PATTERN Cited by 1 source

Probabilistic rejection prioritization¶

Pattern¶

Prioritise one client identity over another by configuring per-client rejection ratios that the throttler applies as a dice roll on each check, independent of system-health metrics. A de-prioritised client is rejected with some probability even when the database is healthy; a favoured client has a low (or zero) rejection ratio and gets to check the metric most or all of the time.

Every client still respects the metric-based admission decision when it is consulted. The difference is how often each identity gets to consult it.

The mechanism¶

def check(client_id):
    ratio = rejection_ratio_for(client_id)   # 0.0 .. 1.0
    if random() < ratio:
        return REJECT_BY_RATIO
    return metric_check()   # normal system-health gate

"A client asks the throttler for permission. The throttler can choose to roll a die, and if the result is, say, 1 or 2, flat out reject the request, irrespective of the system metrics. We thus consider a ratio of the requests to be rejected."

"A rejected client will back off, sleep for a while, then try again. The database is therefore less busy, at the expense of pushing back potential client work. But if we can selectively choose to have a high rejection ratio to one client, while having a low (or zero) rejection ratio to a second client, then we've effectively prioritized the second over the first: the first client will spend more time backing off, even if the database metrics are healthy. During such time, the second client will have more opportunity to do its own work."
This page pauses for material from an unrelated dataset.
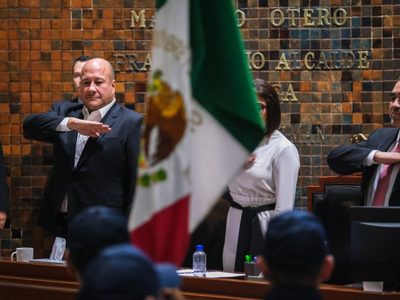 Diputados reclaman al gobernador Alfaro durante su cuarto informe: ha tenido "pocos resultados"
— Shlomi Noach, Source: sources/2026-04-21-planetscale-anatomy-of-a-throttler-part-3

Why it's safer than exemption¶

The alternative is exemption: skip the throttler entirely for the favoured client. That produces starvation: the exempted client's unthrottled workload can pin the metric above threshold for the whole rest of the fleet.

Probabilistic rejection avoids this because:

"It's important to highlight that both clients still play by the rules: none is given permission to act if the database has unhealthy metrics. It's just that one sometimes doesn't even get the chance to check those metrics."

No client can damage the database with this pattern — every client still respects the metric-gated admission decision when it does check. The prioritisation is purely over access to the check, not over the check's outcome.

Worked example¶

Two clients, replication-lag threshold 5 s:

Client	Rejection ratio
`low-priority-etl`	0.90
`online-ddl-critical`	0.10

In 100 throttler checks per client per second:

low-priority-etl gets 10 metric checks. If replication lag is below threshold, 10 subtasks admitted.
online-ddl-critical gets 90 metric checks. If lag is below threshold, 90 subtasks admitted.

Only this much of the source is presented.